Letting $t\to sup{w}_{\epsilon }$ the right-hand side goes to zero; this gives a contradiction. Therefore, we conclude that $\left|D\right|=0$ and we obtain the assert. □

We conclude this section by observing that a weak solution u to problem (1) can be obtained as the limit of a sequence of solutions $u_{\epsilon }$ to problems (49).

Let us consider the approximate problems:

$$\left\{\begin{array}{ccc}-\epsilon \Delta u_{\epsilon ,n}-div\left(\mathbf{a}(x,\nabla u_{\epsilon ,n})\right)=T_n\left(H(x,\nabla u_{\epsilon ,n})\right)+T_n\left(f\right)\hfill & \hfill & \mathrm{in}\Omega ,\hfill \\ \hfill & \hfill & \\ u_{\epsilon ,n}=0\hfill & \hfill & \mathrm{on}\partial \Omega .\hfill \end{array}\right.$$

(59)

This problem has at least a weak solution $u_{\epsilon ,n}\in W_0^{1,p}(\Omega )\cap L^{\infty }(\Omega )$ ([24]). Proceeding as in [1], we consider the function

$$\phi \left(x\right)=\mathrm{sign}\left(u_{\epsilon ,n}\left(x\right)\right){\int }_0^{|u_{\epsilon ,n}\left(x\right)|}{\displaystyle \frac{1}{{\left[{\mu }_{\epsilon ,n}\left(t\right)\right]}^{\alpha }}}dt,$$

(60)

where ${\mu }_{\epsilon ,n}\left(t\right)$ denotes the distribution function of $u_{\epsilon ,n}$, i.e.,

$${\mu }_{\epsilon ,n}\left(t\right)=\left|\left\{x\in \Omega :\left|u_{\epsilon ,n}\left(x\right)\right|\ge t\right\}\right|,t\ge 0$$

and

$$0<\alpha <1-{\displaystyle \frac{p}{N(q-p+1)}}.$$

Since $u_{\epsilon ,n}\in W_0^{1,p}(\Omega )\cap L^{\infty }(\Omega )$, $\phi \in W_0^{1,p}(\Omega )\cap L^{\infty }(\Omega )$, and therefore it is a test function for the problem (59).

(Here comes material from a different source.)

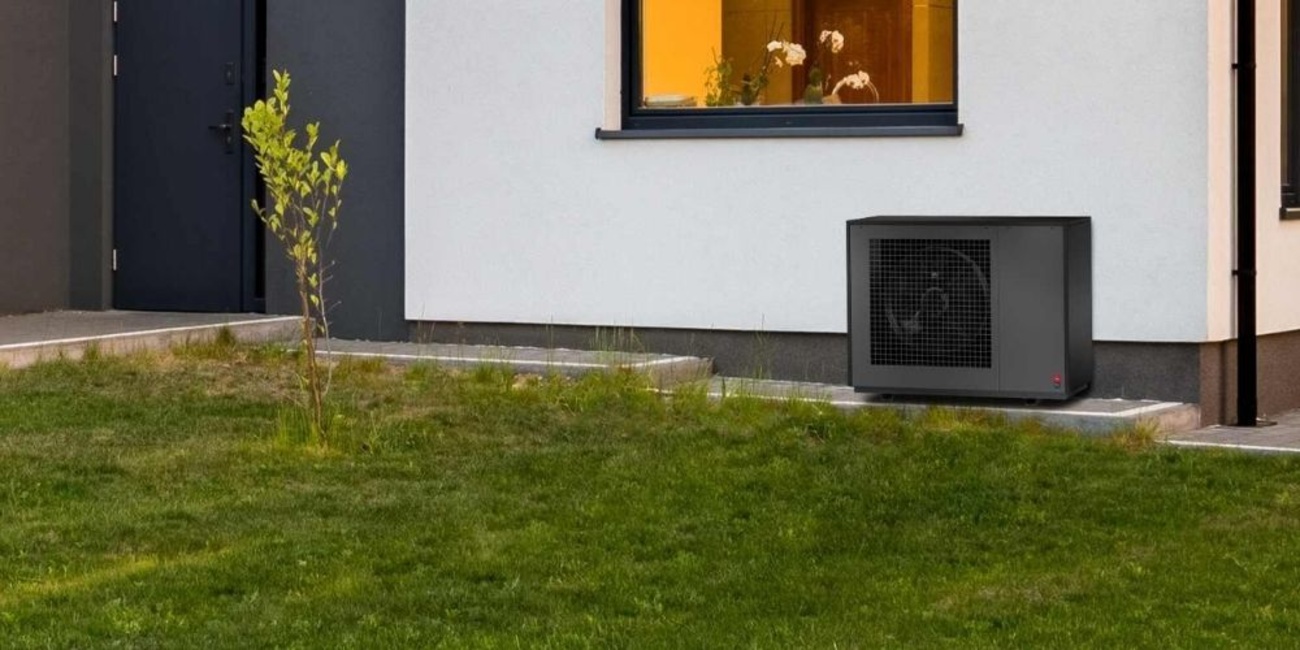 Schutz für die Wärmepumpe bei Freitag-Elektro in Münchsteinach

Using the ellipticity condition (2) and the growth condition on H (5) we obtain

$$\epsilon {\int }_{\Omega }{\displaystyle \frac{|\nabla u_{\epsilon ,n}{|}^2}{[{\mu }_{\epsilon ,n}\left(\right|u_{\epsilon ,n}{\left(x\right)\left|\right)]}^{\alpha }}}dx+{\int }_{\Omega }{\displaystyle \frac{|\nabla u_{\epsilon ,n}{|}^p}{[{\mu }_{\epsilon ,n}\left(\right|u_{\epsilon ,n}{\left(x\right)\left|\right)]}^{\alpha }}}dx\le h{\int }_{\Omega }|\nabla u_{\epsilon ,n}{|}^q\left|\phi \right|dx+{\int }_{\Omega }\left|T_n\left(f\right)\phi \right|dx$$

(61)

and therefore

$${\int }_{\Omega }{\displaystyle \frac{|\nabla u_{\epsilon ,n}{|}^p}{[{\mu }_{\epsilon ,n}\left(\right|u_{\epsilon ,n}{\left(x\right)\left|\right)]}^{\alpha }}}dx\le h{\int }_{\Omega }|\nabla u_{\epsilon ,n}{|}^q\left|\phi \right|dx+{\int }_{\Omega }\left|T_n\left(f\right)\phi \right|dx.$$

(62)

By using the approach in [1], under the smallness assumptions (54), we obtain the a priori estimates

$$\parallel u_{\epsilon ,n}{\parallel }_{M^{{\displaystyle \frac{N(q-p+1)}{p-q}}}(\Omega )}\le C,{\parallel \nabla u_{\epsilon ,n}\parallel }_{L^p(\Omega )}\le C,$$

where $M^{{\displaystyle \frac{N(q-p+1)}{p-q}}}(\Omega )$ is a Marcinkiewicz space (We recall that, by definition, $u\in M^p(\Omega )$, $p>1$, if $\underset{t}{sup}t\mu {\left(t\right)}^{{\displaystyle \frac{1}{p}}}<+\infty$, where $\mu \left(t\right)$ denotes the distribution function of $u\left(x\right)$.), C is a positive constant depending only on q, N, $|\Omega |$, h and ${\parallel f\parallel }_{L^{{\displaystyle \frac{N(q-p+1)}{q}}}(\Omega )}$.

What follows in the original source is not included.